**AIM OF THE EXERCISE**
Could you please output all of the data exactly, without the images?

----- TASK INPUT

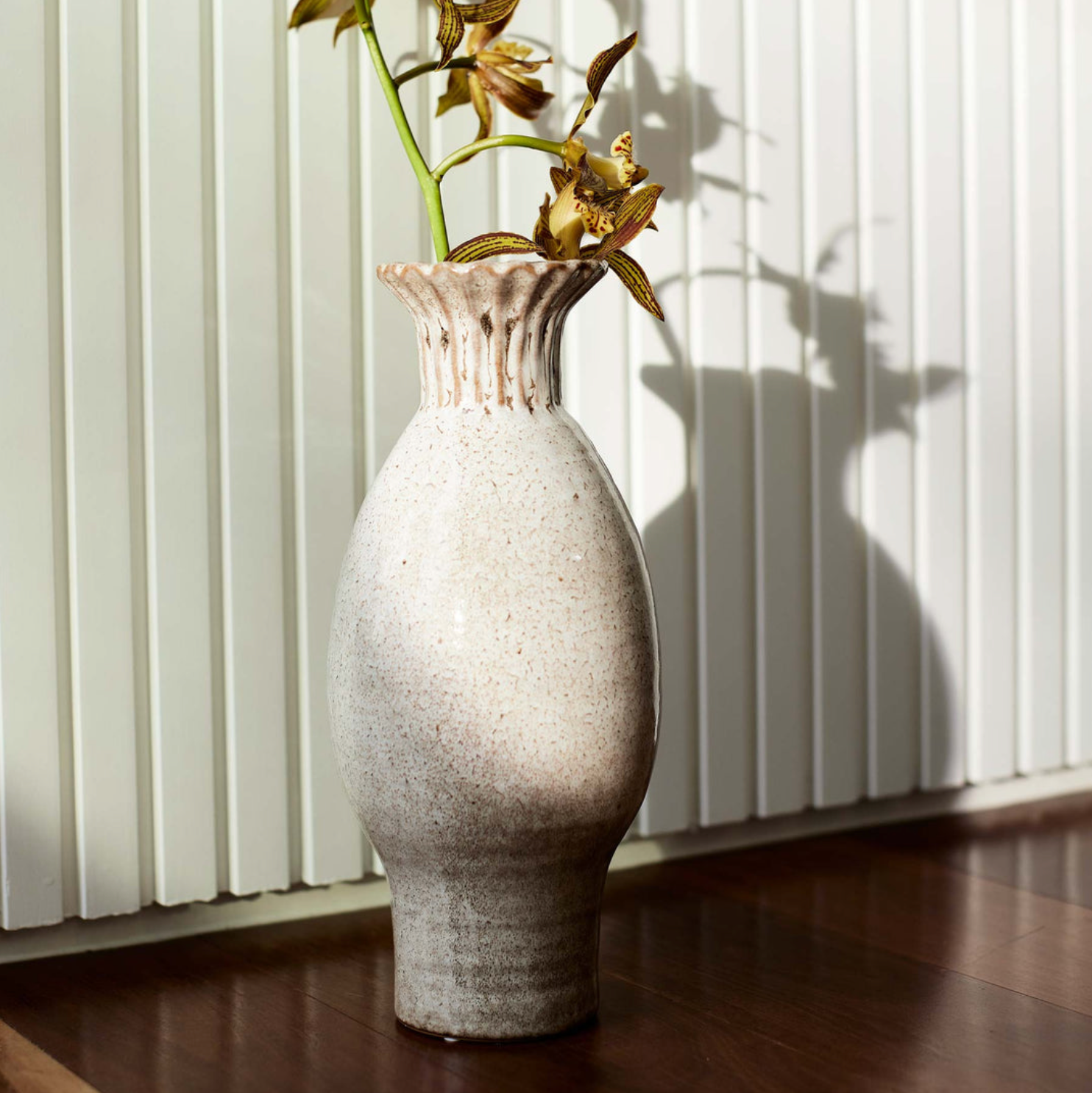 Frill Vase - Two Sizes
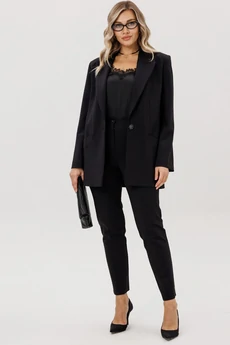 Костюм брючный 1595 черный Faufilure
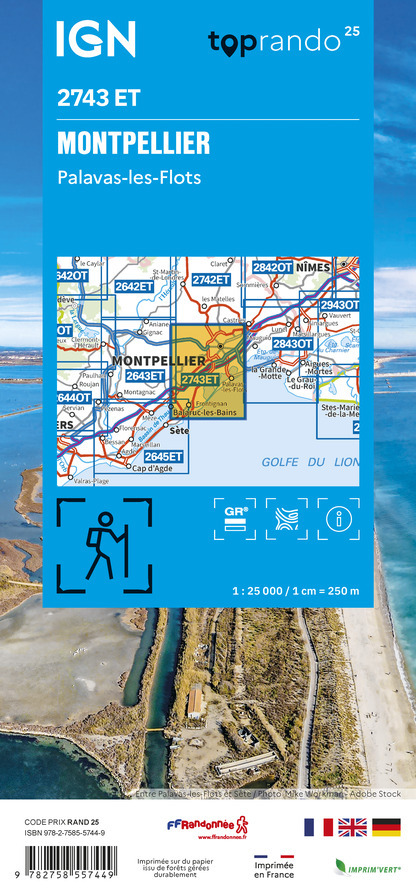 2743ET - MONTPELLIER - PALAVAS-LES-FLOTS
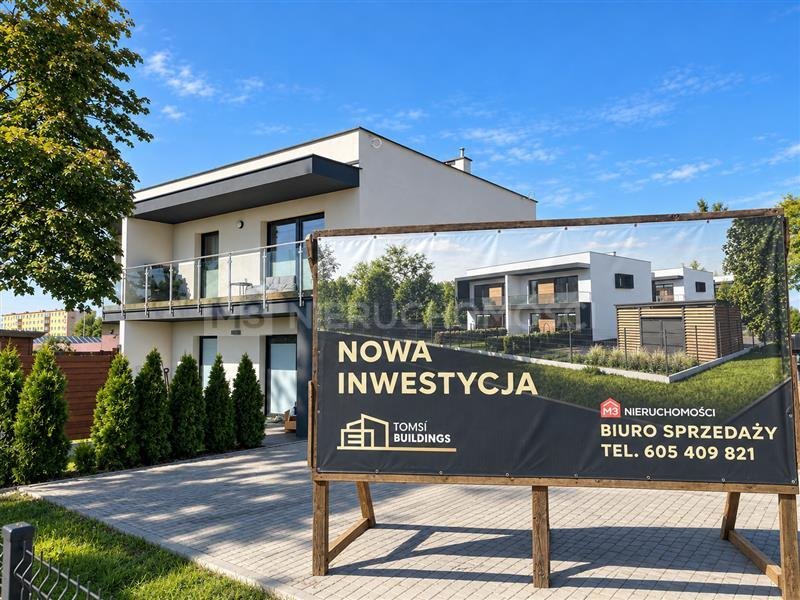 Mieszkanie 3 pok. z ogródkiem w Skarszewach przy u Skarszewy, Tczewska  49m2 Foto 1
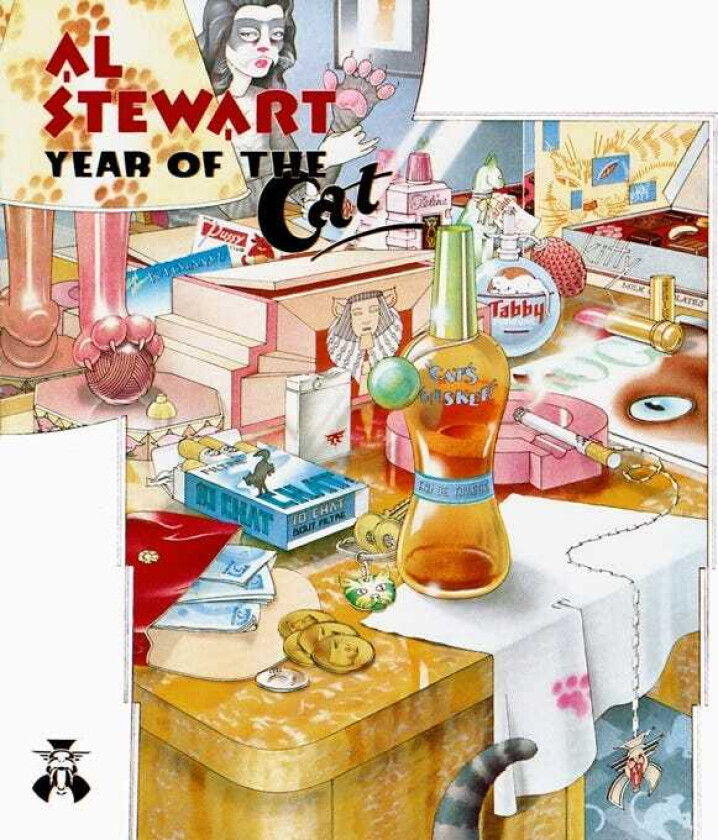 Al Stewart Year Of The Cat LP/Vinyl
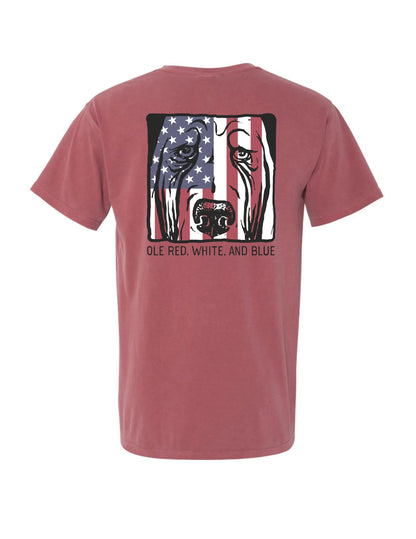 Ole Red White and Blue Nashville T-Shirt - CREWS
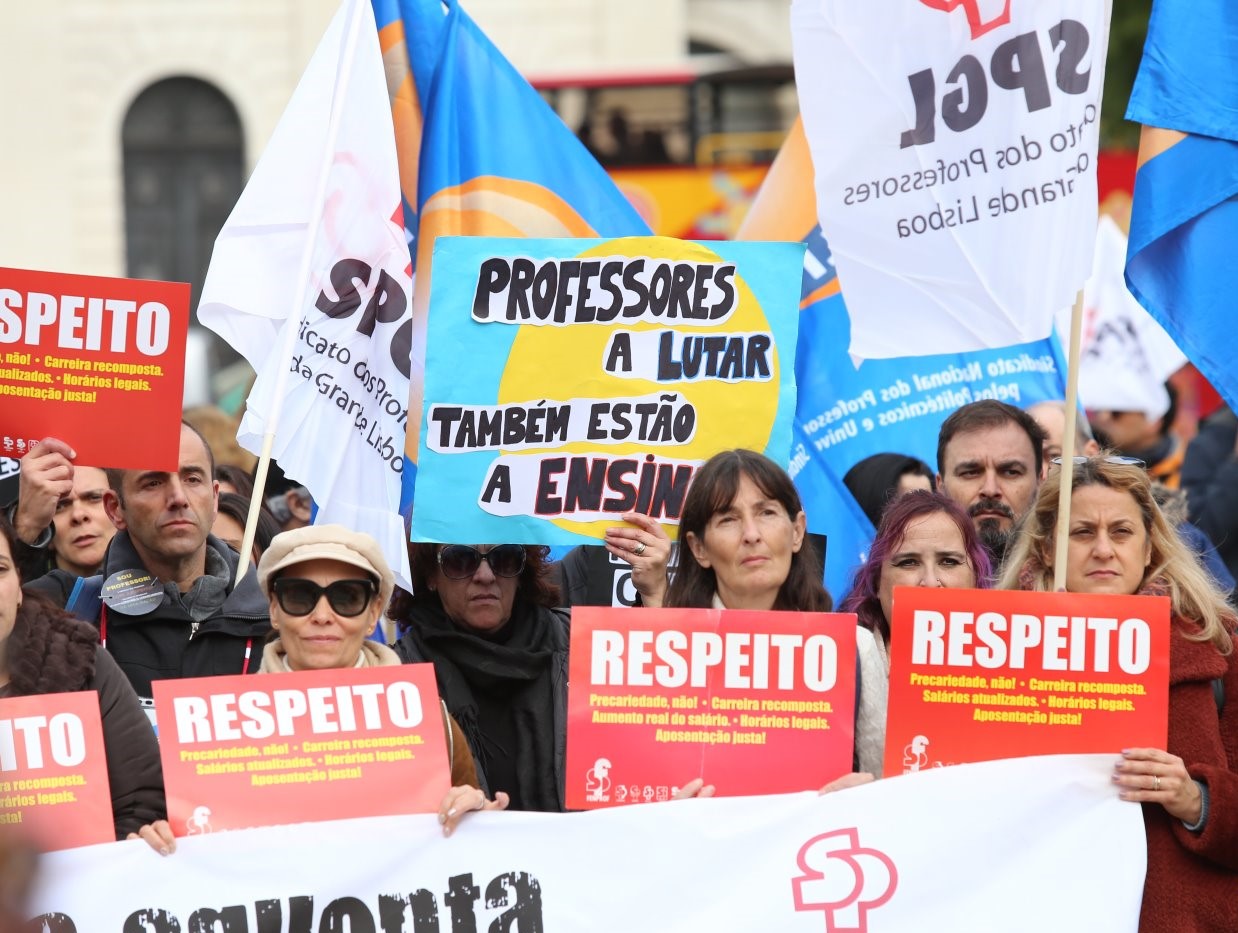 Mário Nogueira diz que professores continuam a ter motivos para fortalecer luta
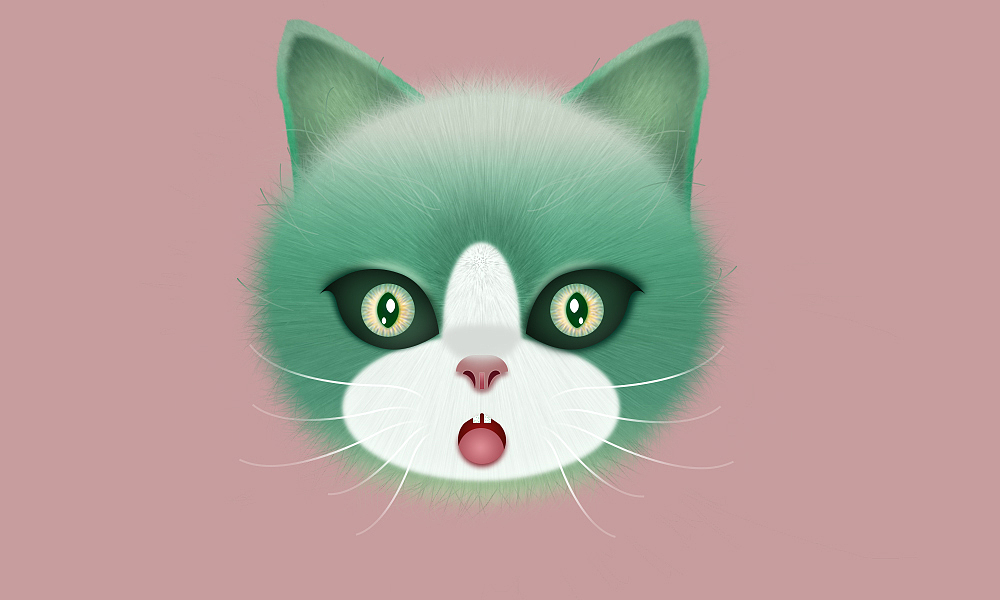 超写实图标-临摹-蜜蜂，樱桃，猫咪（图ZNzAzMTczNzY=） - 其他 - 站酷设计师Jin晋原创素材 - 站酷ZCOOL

----------

**REPLY**
 Frill Vase - Two Sizes
 Костюм брючный 1595 черный Faufilure
 2743ET - MONTPELLIER - PALAVAS-LES-FLOTS
 Mieszkanie 3 pok. z ogródkiem w Skarszewach przy u Skarszewy, Tczewska  49m2 Foto 1
 Al Stewart Year Of The Cat LP/Vinyl
 Ole Red White and Blue Nashville T-Shirt - CREWS
 Mário Nogueira diz que professores continuam a ter motivos para fortalecer luta
 超写实图标-临摹-蜜蜂，樱桃，猫咪（图ZNzAzMTczNzY=） - 其他 - 站酷设计师Jin晋原创素材 - 站酷ZCOOL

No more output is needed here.